** Opening Records provided block **

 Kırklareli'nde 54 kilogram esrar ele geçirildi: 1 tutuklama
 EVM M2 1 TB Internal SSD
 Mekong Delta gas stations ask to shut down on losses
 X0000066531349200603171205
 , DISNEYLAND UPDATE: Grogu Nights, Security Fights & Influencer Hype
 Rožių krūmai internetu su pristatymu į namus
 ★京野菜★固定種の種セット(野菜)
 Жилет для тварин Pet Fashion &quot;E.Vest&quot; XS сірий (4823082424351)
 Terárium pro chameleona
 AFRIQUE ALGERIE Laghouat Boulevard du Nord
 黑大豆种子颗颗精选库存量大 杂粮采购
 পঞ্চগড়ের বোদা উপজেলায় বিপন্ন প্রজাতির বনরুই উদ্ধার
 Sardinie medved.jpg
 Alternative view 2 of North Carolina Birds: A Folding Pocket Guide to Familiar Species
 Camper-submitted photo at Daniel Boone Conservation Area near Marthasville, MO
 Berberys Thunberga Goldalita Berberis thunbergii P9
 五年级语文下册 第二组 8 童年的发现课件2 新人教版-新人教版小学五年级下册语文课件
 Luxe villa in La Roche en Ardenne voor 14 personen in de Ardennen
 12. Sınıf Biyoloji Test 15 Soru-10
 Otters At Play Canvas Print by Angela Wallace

** Closing Records provided block **

# What you should do
Using the records above, please retype only the run of lines from the line holding "Sardinie medved.jpg" through the last line, both ends included.

# Completed exercise
 Sardinie medved.jpg
 Alternative view 2 of North Carolina Birds: A Folding Pocket Guide to Familiar Species
 Camper-submitted photo at Daniel Boone Conservation Area near Marthasville, MO
 Berberys Thunberga Goldalita Berberis thunbergii P9
 五年级语文下册 第二组 8 童年的发现课件2 新人教版-新人教版小学五年级下册语文课件
 Luxe villa in La Roche en Ardenne voor 14 personen in de Ardennen
 12. Sınıf Biyoloji Test 15 Soru-10
 Otters At Play Canvas Print by Angela Wallace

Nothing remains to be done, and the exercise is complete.